By then end of today’s class you’ll have your first analysis script.
Readings discussion
Research Journal discussion
Homework 1 overview and questions
File paths
Data exploration and processing with the tidyverse
Exporting data frames
Getting help
Assignment 2
- “What we choose to measure is a statement of what [who] we value”
Missing data
Minoritized
US Census race and ethnicity categories
The specification of the list of folders to get to a file on your computer is called a path.
Using relative paths makes it easier to avoid mistakes and to share your script with others. In this class, we will Create an R project for each class that defines the folder that your relative path starts with. For each class, there will be a folder to download with the data for the in-class exercises and homework. You should download it and put it in your methods1 folder so it looks something like this:
Starting with class2, we’ll all try to have the same file structure. Don’t worry if your class1 folder looks different.
If you need to use an absolute path to import data, they look different depending on your operating system. See examples below of the absolute path to a csv in my main data folder:
file.path() function to convert the path to something that R can understand:
Download the class 2 folder and save them in your methods1 folder on your computer
Create new project from existing folder:
- methods1/class2
Create new R script File > R Script
Save it in class2 as new_york_student_poverty_2018.R
At the top of your script, write a comment describing the purpose of this file:
# Processing and exploring the 2018 student-age poverty data from SAIPE for New York
# source = https://www.census.gov/data/datasets/2019/demo/saipe/2019-school-districts.html
First load the tidyverse collection of packages to your environment
library(tidyverse)
## ── Attaching packages ─────────────────────────────────────── tidyverse 1.3.1 ──
## ✓ ggplot2 3.3.5 ✓ purrr 0.3.4
## ✓ tibble 3.1.4 ✓ dplyr 1.0.7
## ✓ tidyr 1.1.3 ✓ stringr 1.4.0
## ✓ readr 1.4.0 ✓ forcats 0.5.1
## ── Conflicts ────────────────────────────────────────── tidyverse_conflicts() ──
## x dplyr::filter() masks stats::filter()
## x dplyr::lag() masks stats::lag()
Things to notice:
- Notice the conflicts message that’s printed when you load the tidyverse. Those are just fine.

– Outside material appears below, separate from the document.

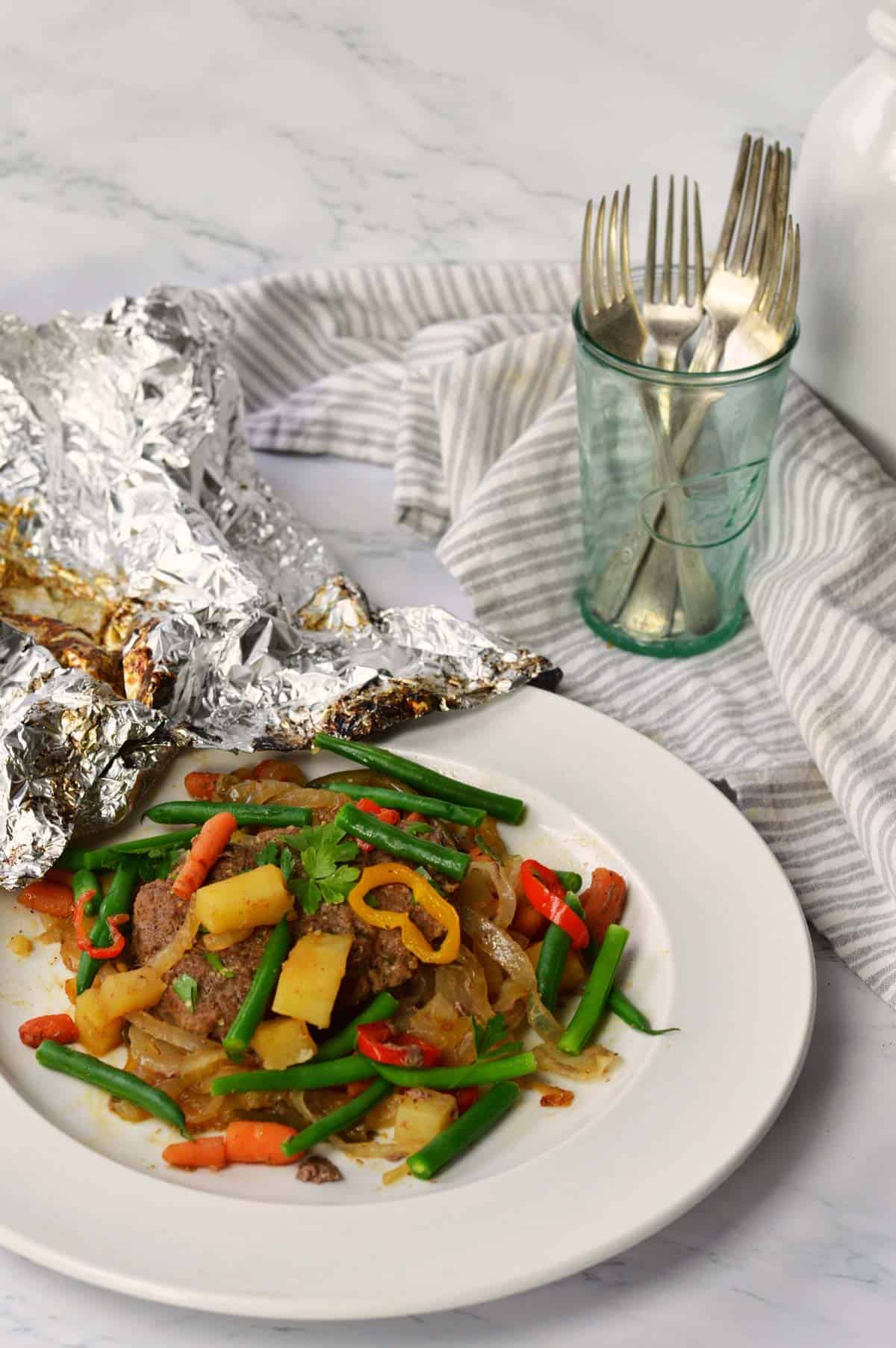 white plate with fully cooked foil dinner and piece of scrunched aluminum foil.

It tells you that dplyr overwrites some functions in base R. If you want to use the base version of these functions after loading dplyr, you’ll need to use their full names: stats::filter() and stats::lag().
- You only need to install a package once, but you must load a package into your R session every time
- install.packages(“package_name”) installs the package on your computer
- use library(“package_name”) to load the package into the current R environment
We’ll learn five dplyr functions that are the backbone of data transformation in R
- mutate() - create or redefine a variable (column)

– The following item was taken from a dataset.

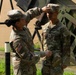 Two U.S. Army soldiers in OCP (Operational Camouflage Pattern) uniforms are engaged in what appears to be a promotion or pinning ceremony outdoors. One soldier (name tape reads 'SHEPARD') is placing or adjusting a patrol cap on the head of another soldier (name tape reads 'REYES'), who holds a cap in their hand. Military equipment, likely a Patriot missile system launcher or similar hardware, is visible in the background.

- select() - subset variables (columns) by their names
- filter() - subset observations (rows) by their values
- rename() - rename the variables
- summarise() - collapse many values down to a single summary
These, and other dplyr functions, can be used with group_by() which changes the scope of each function from operating on the full data frame, to operating on the data frame by group. (This will become more clear with examples)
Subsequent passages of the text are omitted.